There are many Christians who will not participate in politics because they believe (or have been taught to believe) that politics is outside the realm of what constitutes a Christian worldview. “Politics is dirty,” “Jesus didn’t get mixed up in politics,” “Politics is about law, and Christianity is about grace,” “Government is not our savior; Jesus is,” “Jesus said that His kingdom is not of this world,” “The Christian’s only task is to preach the gospel.”
There are other more nuanced reasons offered for non-involvement that sound super-spiritual. The following example is the article “The Salt of the Earth” written by Phil Johnson. Johnson begins his article by citing the following verses:
“You are the salt of the earth. . . . You are the light of the world. . . . Let your light shine before others, so that they may see your good works and give glory to your Father who is in heaven” (Matt. 5:13-16).
Then he offers these comments:
“That text is often cited as if it were a mandate for the church to engage in political activism — lobbying, rallying voters, organizing protests, and harnessing the evangelical movement for political clout.
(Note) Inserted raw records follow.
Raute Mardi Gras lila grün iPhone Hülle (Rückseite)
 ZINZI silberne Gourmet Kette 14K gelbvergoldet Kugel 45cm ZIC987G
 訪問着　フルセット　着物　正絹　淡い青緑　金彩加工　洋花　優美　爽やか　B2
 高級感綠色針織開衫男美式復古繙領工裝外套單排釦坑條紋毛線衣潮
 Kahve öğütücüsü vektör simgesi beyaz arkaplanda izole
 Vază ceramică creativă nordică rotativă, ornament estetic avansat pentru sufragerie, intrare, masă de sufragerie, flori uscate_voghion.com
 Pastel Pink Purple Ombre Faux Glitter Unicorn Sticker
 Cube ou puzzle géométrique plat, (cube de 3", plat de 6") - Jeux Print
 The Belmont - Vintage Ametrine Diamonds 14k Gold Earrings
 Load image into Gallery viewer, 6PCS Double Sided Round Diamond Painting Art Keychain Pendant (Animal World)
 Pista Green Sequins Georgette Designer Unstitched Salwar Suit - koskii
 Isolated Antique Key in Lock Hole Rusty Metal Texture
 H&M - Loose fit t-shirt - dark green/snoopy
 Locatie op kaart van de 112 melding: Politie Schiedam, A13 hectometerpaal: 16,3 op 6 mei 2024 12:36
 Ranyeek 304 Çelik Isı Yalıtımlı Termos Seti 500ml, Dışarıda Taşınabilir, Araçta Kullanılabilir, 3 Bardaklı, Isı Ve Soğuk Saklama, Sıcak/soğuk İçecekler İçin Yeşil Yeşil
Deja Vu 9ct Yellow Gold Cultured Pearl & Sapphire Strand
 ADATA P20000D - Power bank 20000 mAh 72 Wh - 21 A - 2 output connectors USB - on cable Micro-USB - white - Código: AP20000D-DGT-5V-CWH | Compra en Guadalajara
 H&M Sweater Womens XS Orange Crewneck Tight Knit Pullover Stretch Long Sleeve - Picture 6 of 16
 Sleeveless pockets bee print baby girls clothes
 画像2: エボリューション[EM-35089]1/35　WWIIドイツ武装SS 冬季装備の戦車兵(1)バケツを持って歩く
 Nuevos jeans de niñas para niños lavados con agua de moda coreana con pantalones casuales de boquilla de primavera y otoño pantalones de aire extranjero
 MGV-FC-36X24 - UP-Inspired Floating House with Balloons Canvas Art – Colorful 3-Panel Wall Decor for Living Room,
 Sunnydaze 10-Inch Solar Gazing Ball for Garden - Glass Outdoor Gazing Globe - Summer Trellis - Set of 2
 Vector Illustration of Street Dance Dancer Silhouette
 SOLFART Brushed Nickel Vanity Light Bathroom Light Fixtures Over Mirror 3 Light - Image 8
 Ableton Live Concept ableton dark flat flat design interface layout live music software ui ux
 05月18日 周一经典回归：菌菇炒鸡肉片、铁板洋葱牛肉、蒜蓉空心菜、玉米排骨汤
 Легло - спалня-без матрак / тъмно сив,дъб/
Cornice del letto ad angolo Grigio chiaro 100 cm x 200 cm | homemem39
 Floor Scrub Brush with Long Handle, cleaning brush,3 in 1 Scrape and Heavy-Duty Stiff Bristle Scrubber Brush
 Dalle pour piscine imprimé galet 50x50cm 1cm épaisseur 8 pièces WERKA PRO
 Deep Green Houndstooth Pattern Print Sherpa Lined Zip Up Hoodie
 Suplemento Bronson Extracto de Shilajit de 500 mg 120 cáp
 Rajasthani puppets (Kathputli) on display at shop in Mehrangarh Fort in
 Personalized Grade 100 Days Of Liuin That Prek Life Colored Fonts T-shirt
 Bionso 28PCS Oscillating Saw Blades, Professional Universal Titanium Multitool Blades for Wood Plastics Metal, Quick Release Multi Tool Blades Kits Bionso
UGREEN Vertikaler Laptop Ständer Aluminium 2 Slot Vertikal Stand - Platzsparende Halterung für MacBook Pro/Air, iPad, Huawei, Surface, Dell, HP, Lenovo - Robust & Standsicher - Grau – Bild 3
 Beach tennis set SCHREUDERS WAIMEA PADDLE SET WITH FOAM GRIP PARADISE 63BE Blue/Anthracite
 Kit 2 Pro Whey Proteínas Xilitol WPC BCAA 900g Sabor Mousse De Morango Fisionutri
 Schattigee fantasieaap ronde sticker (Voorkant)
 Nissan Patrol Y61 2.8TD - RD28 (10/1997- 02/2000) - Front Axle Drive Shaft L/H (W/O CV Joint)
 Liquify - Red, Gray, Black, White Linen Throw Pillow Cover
I recently heard a well-known evangelical leader say, “We need to make our voices heard in the voting booth, or we’re not being salt and light the way Jesus commanded.”
“That view is pervasive. Say the phrase ‘salt and light,’ and the typical evangelical starts talking politics as if by Pavlovian reflex.
“But look at Jesus’ statement carefully in its context. He was not drumming up boycotts, protests, or a political campaign. He was calling His disciples to holy living.”
Let’s take Johnson’s comment that Jesus was “calling His disciples to holy living.” He makes a good point that all Christians can agree on. But where do we go to learn about holy living and how broad and comprehensive holy living is? Does it include politics, economics, raising children, church life, walking your dog, crossing the street, playing baseball, teaching a Sunday school class, pasturing a church, doing evangelism, creating music and art, developing a computer program?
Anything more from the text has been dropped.